Feature #21617
openAdd Internationalized Domain Name (IDN) support to URI
Description
Originally proposed by @chucke at https://github.com/ruby/uri/issues/76, trying to formalize it here.
Context¶
Internalized Domain Names, are getting more common, yet Ruby's uri
default gem has no support for it:
>> URI("https://日本語.jp/")
URI must be ascii only "https://\u65E5\u672C\u8A9E.jp/" (URI::InvalidURIError)
So any program that which to handle arbitrary valid URIs provided by users can't use the uri
gem, and instead have to depend on third party gems like addressable
>> Addressable::URI.parse("https://日本語.jp/")
=> #<Addressable::URI:0xd648 URI:https://日本語.jp/>
But even there, it won't seamlessly work with other libraries such as net-http
:
>> Net::HTTP.get(Addressable::URI.parse("https://日本語.jp/")).bytesize
OpenSSL::SSL::SSLSocket#connect_nonblock': SSL_connect returned=1 errno=0 peeraddr=[2001:218:3001:7::110]:443 state=error: ssl/tls alert handshake failure (SSL alert number 40) (OpenSSL::SSL::SSLError)

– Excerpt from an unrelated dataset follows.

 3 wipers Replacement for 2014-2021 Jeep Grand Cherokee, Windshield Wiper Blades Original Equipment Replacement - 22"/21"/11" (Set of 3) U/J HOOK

You have to explicitly normalize the URL:
>> Addressable::URI.parse("https://日本語.jp/").normalize
=> #<Addressable::URI:0x130d0 URI:https://xn--wgv71a119e.jp/>
>> Net::HTTP.get(Addressable::URI.parse("https://日本語.jp/").normalize).bytesize
=> 8703
Feature Request¶
I believe it's would be very useful if the default uri
gem had the capacity of:
- Parsing IDNA domain names.
- Convert URLs between their unicode and ASCII forms.
The URI::Generic
class already have a #normalize
method to ensure the host and schema parts are all lower case, it could be extended to encode IDN hosts into their ASCII equivalent.
It would also be useful if the opposite operation was supported for display purposes, not sure what name such a method could have, perhaps canonicalize
?
Implementation¶
In https://github.com/ruby/uri/issues/76 @skryukov pointed to his pure Ruby implementation of IDNA 2008 (https://github.com/skryukov/uri-idna), I believe it would be good to upstream parts of it in the uri
gem to implement these feature.
Updated by byroot (Jean Boussier) 21 days ago
- Description updated (diff)
Updated by byroot (Jean Boussier) 21 days ago
@skryukov also pointed to me the existence of https://github.com/y-yagi/uri-whatwg_parser by @y-yagi
Updated by chucke (Tiago Cardoso) 21 days ago
Just adding my original public API suggestions, for visibility and further discussion by the core team.
I propose that URI::Generic
supports punycode decoding OOTB by relying on the current behaviour of URI::Generic#hostname
, which already applies transformations to the passed host
when necessary, such as in the below case of IPv6 addresses:
# the example above is inspired in how uri already handles IPv6 addresses
uri = URI("https://[::1]")
uri.host #=> "[::1]", cannot be used in Socket.new(host, port)
uri.hostname #=> "::1", can be used in Socket.new(host, port)
therefore, punycode translation would happen transparently for IDNAs when calling hostname
:
uri = "https://l♥️h.ws"
uri = URI(uri)
uri.host #=> "l♥️h.ws" #=> cannot be used in Socket.new(host, port)
uri.hostname #=> "xn--lh-t0xz926h.ws" #=> can be used in Socket.new(host, port), which will perform DNS via getaddrinfo
This would require very little change in resolv
library, before issuing the DNS query. The same would apply for most use cases, I believe.
The required punycode decoding logic could be implemented in a separate URI::Punycode
module. This module could be exposed publicly, with a single public method, decode(uri)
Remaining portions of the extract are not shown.